Richard Rognet, Élégies pour le temps de vivre

4 heures

20 points

Intérêt du sujet • Ce sonnet contemporain revisite le thème classique et romantique de l’évocation de la nature et de l’amour, liée au passage du temps.

 

Vous commenterez ce poème de Richard Rognet.
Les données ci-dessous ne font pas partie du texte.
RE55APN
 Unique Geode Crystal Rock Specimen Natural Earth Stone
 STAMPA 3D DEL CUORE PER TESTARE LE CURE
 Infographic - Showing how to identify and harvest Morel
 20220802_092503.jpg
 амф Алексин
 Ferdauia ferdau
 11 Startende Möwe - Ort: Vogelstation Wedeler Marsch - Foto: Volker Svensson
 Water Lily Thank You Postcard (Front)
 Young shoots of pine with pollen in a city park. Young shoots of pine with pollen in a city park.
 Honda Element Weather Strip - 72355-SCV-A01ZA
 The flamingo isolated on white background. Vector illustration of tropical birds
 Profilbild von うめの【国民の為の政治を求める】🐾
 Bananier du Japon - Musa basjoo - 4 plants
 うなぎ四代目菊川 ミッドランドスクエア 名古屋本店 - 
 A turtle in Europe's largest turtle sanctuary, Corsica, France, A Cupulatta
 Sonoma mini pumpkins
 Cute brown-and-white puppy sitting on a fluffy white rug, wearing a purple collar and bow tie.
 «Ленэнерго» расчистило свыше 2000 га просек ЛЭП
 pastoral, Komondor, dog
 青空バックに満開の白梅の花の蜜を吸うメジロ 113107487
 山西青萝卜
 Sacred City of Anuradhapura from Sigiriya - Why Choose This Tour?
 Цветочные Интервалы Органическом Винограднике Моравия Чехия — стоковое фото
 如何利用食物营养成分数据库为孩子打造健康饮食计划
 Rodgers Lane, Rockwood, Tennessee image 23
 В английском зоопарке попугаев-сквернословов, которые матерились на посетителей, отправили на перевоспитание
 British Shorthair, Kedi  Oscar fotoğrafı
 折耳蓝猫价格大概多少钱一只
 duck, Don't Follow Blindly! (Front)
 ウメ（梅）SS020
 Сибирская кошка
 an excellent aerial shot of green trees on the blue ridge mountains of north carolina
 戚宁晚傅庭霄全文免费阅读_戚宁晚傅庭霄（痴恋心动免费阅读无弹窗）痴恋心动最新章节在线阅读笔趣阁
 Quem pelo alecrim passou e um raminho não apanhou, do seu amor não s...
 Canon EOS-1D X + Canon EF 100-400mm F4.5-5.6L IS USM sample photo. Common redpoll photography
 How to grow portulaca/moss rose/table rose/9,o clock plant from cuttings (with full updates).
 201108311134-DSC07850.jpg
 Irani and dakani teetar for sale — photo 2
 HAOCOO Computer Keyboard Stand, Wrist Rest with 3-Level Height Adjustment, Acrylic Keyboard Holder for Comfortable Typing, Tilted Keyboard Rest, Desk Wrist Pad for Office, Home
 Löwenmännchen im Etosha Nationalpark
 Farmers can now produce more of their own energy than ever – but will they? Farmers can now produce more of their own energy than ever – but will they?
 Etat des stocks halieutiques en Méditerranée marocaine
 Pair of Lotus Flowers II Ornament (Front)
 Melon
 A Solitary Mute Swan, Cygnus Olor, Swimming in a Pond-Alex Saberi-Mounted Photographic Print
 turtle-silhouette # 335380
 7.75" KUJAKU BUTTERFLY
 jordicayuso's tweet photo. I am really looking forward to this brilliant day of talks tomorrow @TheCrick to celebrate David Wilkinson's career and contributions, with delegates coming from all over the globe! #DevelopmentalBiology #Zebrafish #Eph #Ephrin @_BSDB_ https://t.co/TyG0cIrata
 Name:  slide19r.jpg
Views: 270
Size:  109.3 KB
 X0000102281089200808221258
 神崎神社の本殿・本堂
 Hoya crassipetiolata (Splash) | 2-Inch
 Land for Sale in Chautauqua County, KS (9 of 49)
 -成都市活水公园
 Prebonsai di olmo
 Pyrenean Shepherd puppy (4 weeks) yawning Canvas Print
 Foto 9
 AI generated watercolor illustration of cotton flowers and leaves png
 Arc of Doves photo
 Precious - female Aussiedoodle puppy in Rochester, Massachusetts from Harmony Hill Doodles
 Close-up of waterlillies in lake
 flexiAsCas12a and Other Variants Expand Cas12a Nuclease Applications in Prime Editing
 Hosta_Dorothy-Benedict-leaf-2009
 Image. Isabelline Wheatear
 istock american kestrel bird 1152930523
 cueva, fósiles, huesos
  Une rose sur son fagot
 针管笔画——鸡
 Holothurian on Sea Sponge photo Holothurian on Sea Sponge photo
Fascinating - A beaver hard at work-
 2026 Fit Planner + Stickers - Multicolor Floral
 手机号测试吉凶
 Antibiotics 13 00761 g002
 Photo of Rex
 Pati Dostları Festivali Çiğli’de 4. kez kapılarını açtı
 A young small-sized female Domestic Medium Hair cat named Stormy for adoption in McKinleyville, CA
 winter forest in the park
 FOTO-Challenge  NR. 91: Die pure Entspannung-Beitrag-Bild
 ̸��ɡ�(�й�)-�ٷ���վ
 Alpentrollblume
Vous pourrez prêter plus particulièrement attention :

– à l’évocation lyrique de la nature ;

– au va-et-vient entre le souvenir d’hier et l’attente de demain.

document

Il reste toujours quelque chose des amours

mortes ou perdues, un regard sur les prés,

sur une fleur qui penche vers le soir,

sur les montagnes qui émergent après

 

les brumes du matin, il reste toujours,

sous nos paupières, des rêves inachevés,

des souvenirs de neiges ou d’étoiles

filantes comptées dans les nuits d’août,

 

il reste aussi quelques fenêtres entrouvertes

sur les averses d’été qui sentent si bon

qu’on se sent proche d’un nouvel amour,

 

d’un amour tranquille et brûlant à la fois,

qui tremblerait à la lisière1 du temps

comme un dernier sourire, avant de s’en aller.

 

Richard Rognet, Élégies pour le temps de vivre, © Éditions Gallimard, 2012.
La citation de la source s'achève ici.